* EXERCISE REQUIREMENTS *
Please give the entries below again exactly, omitting every picture.

[RECORDS TO USE — start]

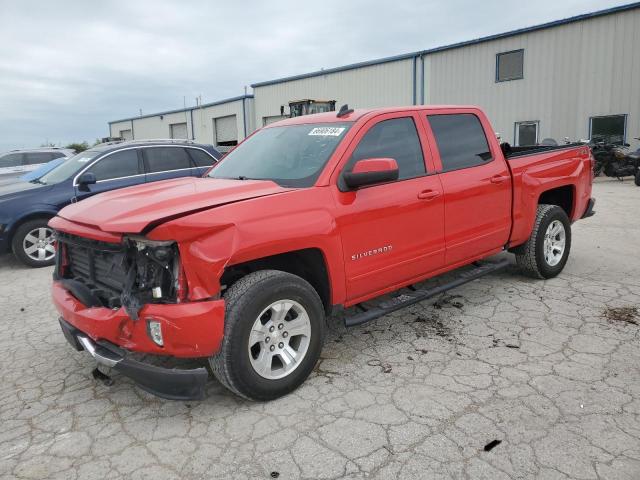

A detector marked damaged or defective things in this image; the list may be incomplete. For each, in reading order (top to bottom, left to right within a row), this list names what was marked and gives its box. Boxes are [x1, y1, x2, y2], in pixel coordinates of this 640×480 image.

damaged front bumper [59, 318, 206, 402]
cracked pavement [1, 180, 640, 480]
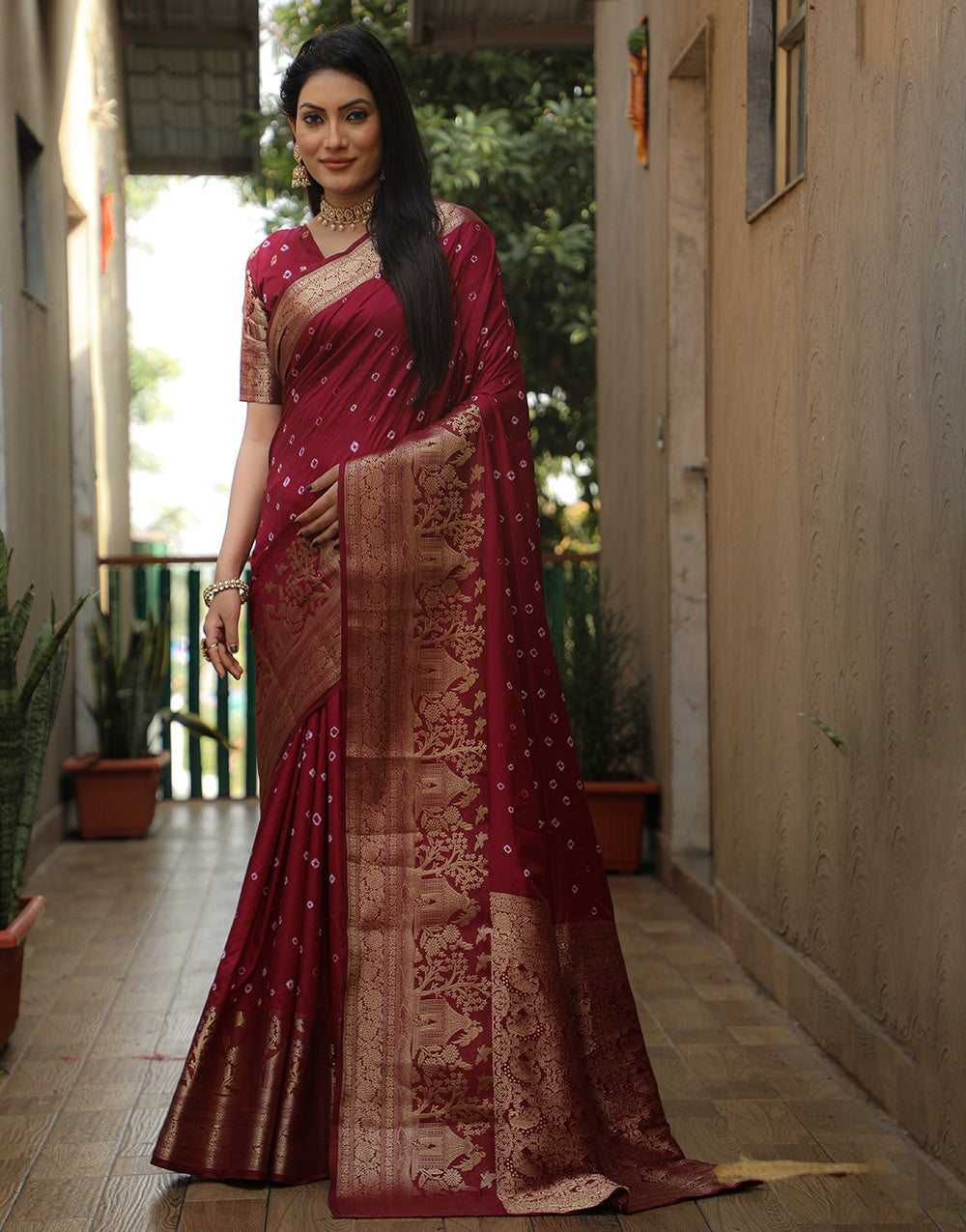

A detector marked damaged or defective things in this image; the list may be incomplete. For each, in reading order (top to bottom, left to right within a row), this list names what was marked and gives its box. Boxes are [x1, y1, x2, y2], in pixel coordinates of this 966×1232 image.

burnt maroon saree [155, 207, 734, 1214]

[RECORDS TO USE — finish]

* ANSWER BOX *
A detector marked damaged or defective things in this image; the list may be incomplete. For each, in reading order (top to bottom, left to right within a row), this list names what was marked and gives its box. Boxes are [x1, y1, x2, y2], in pixel coordinates of this 640×480 image.

damaged front bumper [59, 318, 206, 402]
cracked pavement [1, 180, 640, 480]

A detector marked damaged or defective things in this image; the list may be incomplete. For each, in reading order (top to bottom, left to right within a row), this list names what was marked and gives its box. Boxes are [x1, y1, x2, y2], in pixel coordinates of this 966×1232 image.

burnt maroon saree [155, 207, 734, 1214]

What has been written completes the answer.